Beginners Guide to Snorkeling

You may think you’ve already traveled the world and seen everything there is to see, but do you realize that 71 percent of the Earth’s surface is underwater? And many of the most beautiful and interesting areas of natural beauty are hidden by the waves, such as the Great Barrier Reef.

Snorkeling enables you to explore the shallow waters around our shoreline so you can come face-to-face with dolphins, swim around coral reefs, and explore ancient shipwrecks. Because snorkeling requires very little in the way of training and equipment, anyone can do it. Here is a selection of tips for absolute beginners.

1. What is snorkeling?

Snorkeling is a way to explore underwater by swimming near the surface and using a mask and a snorkel. The mask enables you to see clearly what’s under the water, and the snorkel allows you to continue breathing while your face is underwater.
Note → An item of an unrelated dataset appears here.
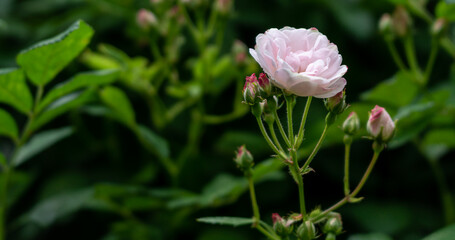 透き通るような薔薇でした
Snorkeling is usually only done in relatively shallow water. This means it does not require expensive equipment or extensive training. It is also safer and easier than scuba diving or freediving.

2. What equipment do you need?

All you really need are a mask and a snorkel. However, you will find swimming easier if you wear fins. In tropical areas, a long-sleeved swimming suit is a good idea, and you should wear sunblock. A swimming vest can protect your torso from scrapes against coral, rocks, or submerged human structures. Enthusiastic snorkelers often invest in good-quality underwater cameras or GoPros to record the amazing sights they see under the waves.

3. Choose the best snorkeling mask for you

There are two kinds of snorkel mask: traditional and full-face. A traditional snorkeling mask only covers your nose and eyes, and you breathe through a mouthpiece attached to the tube. A full-face snorkeling mask covers your whole face. This not only enables you to breathe through either your nose or mouth but also provides better visibility.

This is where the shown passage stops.